Data excerpts:
▶
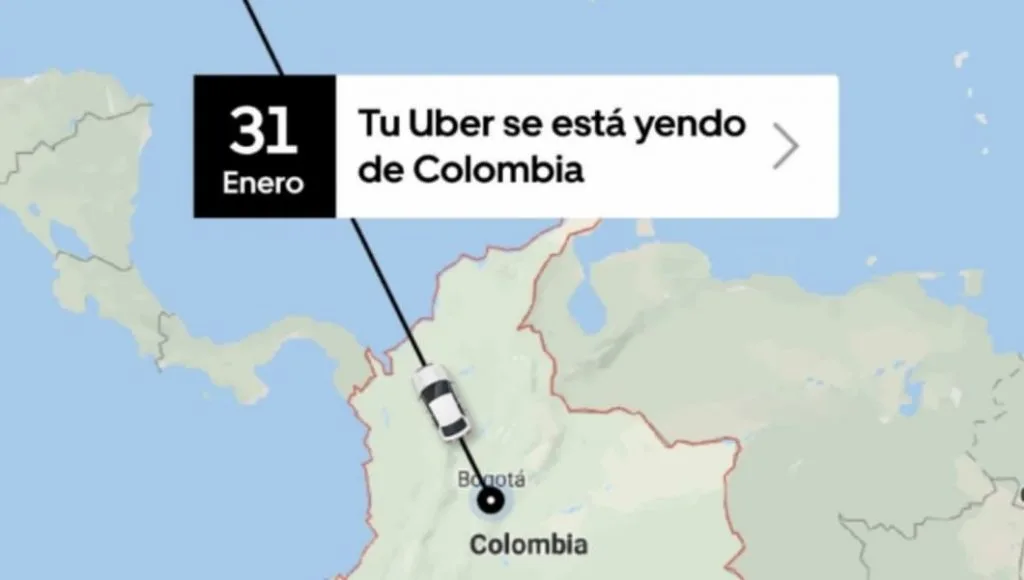 Aplicación de Uber en smartphone en Colombia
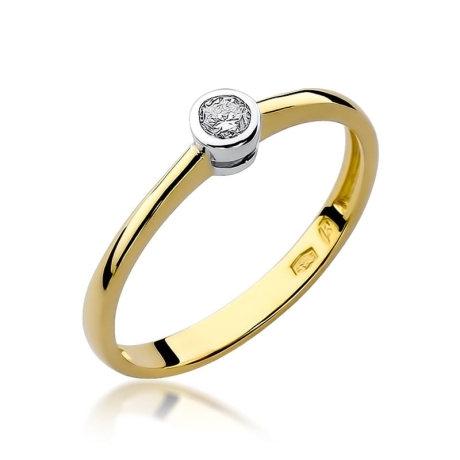 Przejdź do produktu Pierścionek zaręczynowy z żółtego złota z diamentem 0,10ct Fire Of Love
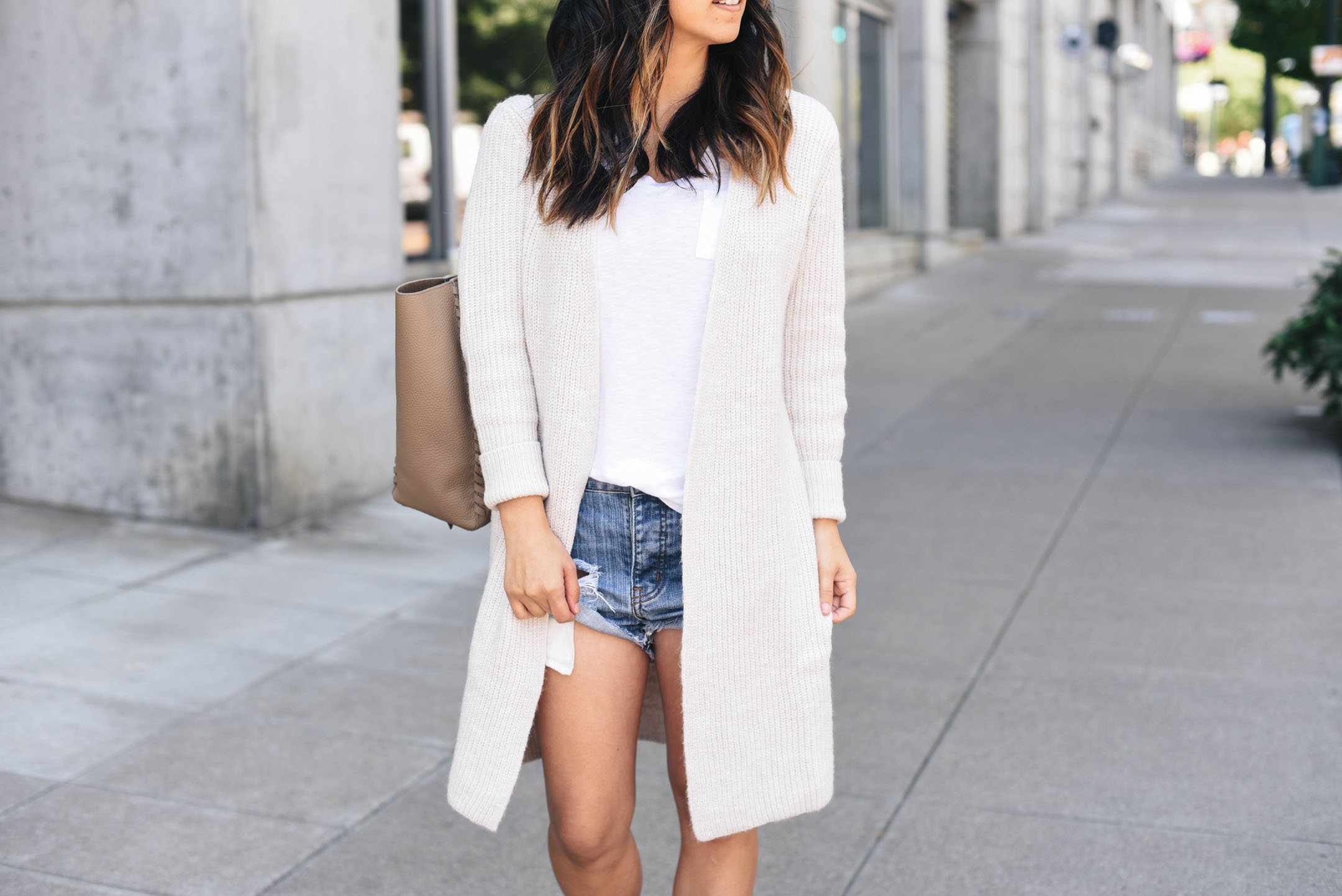 Cardigan styled in the summer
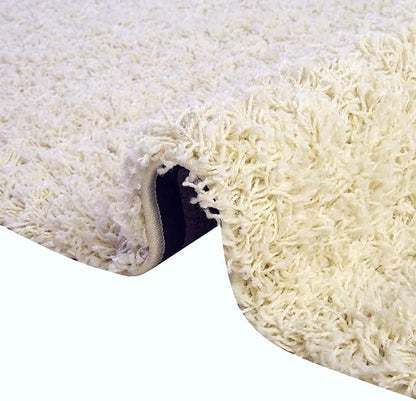 Unique Loom Solid Shag Collection Area Rug (5' 1" x 8' Oval, Pure Ivory)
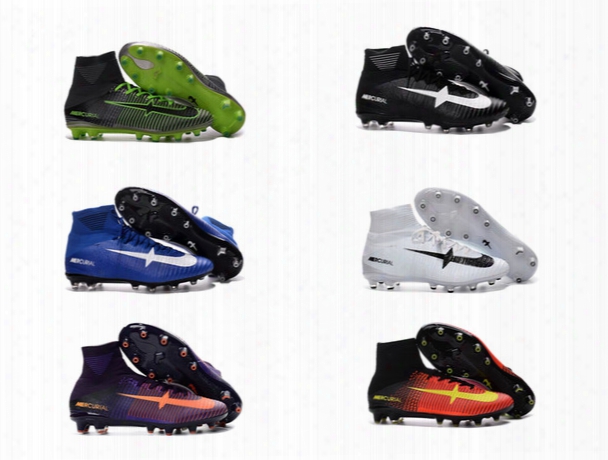 Original Mercurial Soccer Shoes Superfly V Ag Football Boots Eur39-45 Soccer Cleats Outdoor Sports Shoe De Futbol Botas Shoe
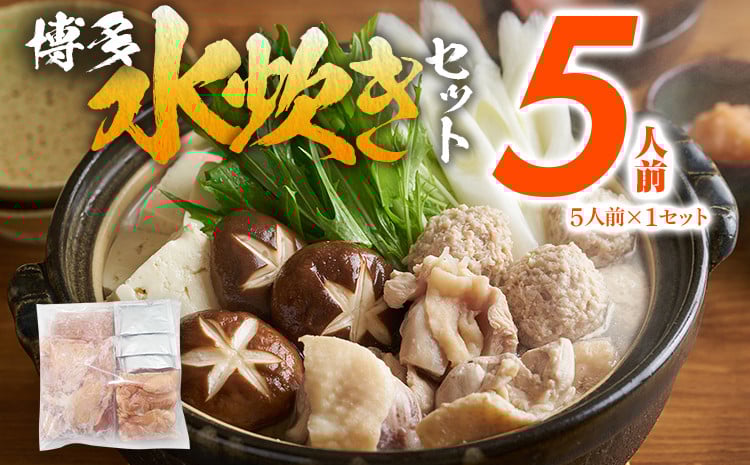 
            博多 水炊きセット 5人前（5人前×1セット）鍋 もも肉 つみれ 手羽元 鶏肉 モモ肉 鶏もも肉 年末 冬 お土産 美味しい 豪華 贅沢 福岡県 福岡 九州 グルメ お取り寄せ 博多 鍋セット 肉 国産 大容量 冷凍 贈呈 ギフト スープ 水炊き スープ付き ご当地 博多名物 mizutaki コラーゲン 惣菜 ご飯のお供 簡単調理 手軽 時短 おかず 水たき 食品 本場 みずたき 鶏肉 とりにく
          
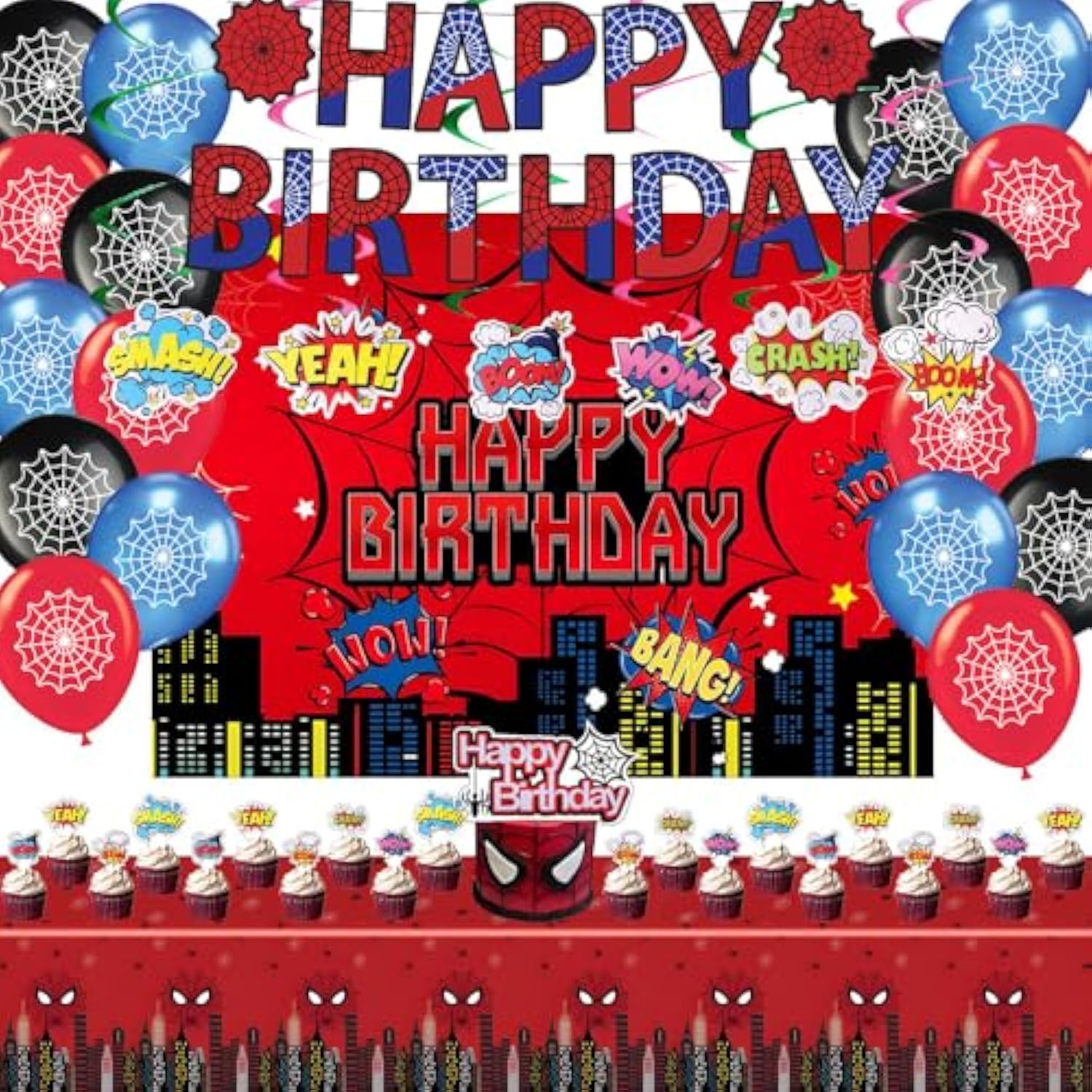 Spider Theme Birthday Party Supplies, Spider Theme Party Decorations Including Birthday Banner, Backdrop, Balloons, Hanging Swirls, Tablecloth, Cake Toppers For Kids Party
◀
Brief –
Start with the first line of the records above and end with the line containing "Original Mercurial Soccer". Output those lines exactly, pictures excluded.

Answer box –
 Aplicación de Uber en smartphone en Colombia
 Przejdź do produktu Pierścionek zaręczynowy z żółtego złota z diamentem 0,10ct Fire Of Love
 Cardigan styled in the summer
 Unique Loom Solid Shag Collection Area Rug (5' 1" x 8' Oval, Pure Ivory)
 Original Mercurial Soccer Shoes Superfly V Ag Football Boots Eur39-45 Soccer Cleats Outdoor Sports Shoe De Futbol Botas Shoe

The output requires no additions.